_Task goal_.
Count how many lines in the data hold the word "Image", and give that number alone.

_Records supplied_.
● ● ● ● ● ● ●
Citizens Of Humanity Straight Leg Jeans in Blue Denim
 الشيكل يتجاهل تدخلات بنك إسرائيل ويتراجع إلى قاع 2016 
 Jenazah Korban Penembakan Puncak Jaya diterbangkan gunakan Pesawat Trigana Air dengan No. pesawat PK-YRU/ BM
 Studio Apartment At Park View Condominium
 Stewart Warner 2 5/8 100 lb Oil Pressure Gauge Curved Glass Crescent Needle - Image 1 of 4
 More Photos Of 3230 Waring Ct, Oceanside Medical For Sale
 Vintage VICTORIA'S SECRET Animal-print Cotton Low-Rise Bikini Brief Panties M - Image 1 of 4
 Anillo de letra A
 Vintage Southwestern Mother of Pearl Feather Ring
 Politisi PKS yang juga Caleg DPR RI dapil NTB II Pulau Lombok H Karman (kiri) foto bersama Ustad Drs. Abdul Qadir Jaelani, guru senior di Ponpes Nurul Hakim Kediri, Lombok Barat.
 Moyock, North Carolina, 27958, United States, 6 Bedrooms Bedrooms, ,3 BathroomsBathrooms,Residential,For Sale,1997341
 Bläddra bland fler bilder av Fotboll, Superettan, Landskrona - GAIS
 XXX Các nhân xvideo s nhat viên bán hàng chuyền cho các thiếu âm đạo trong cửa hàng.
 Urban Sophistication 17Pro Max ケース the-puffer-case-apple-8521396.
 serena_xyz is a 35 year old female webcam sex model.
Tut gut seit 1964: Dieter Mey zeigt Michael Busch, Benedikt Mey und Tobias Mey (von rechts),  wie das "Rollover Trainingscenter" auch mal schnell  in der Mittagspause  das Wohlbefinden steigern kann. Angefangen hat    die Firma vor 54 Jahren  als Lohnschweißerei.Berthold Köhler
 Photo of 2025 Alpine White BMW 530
● ● ● ● ● ● ●
_Response below_.
2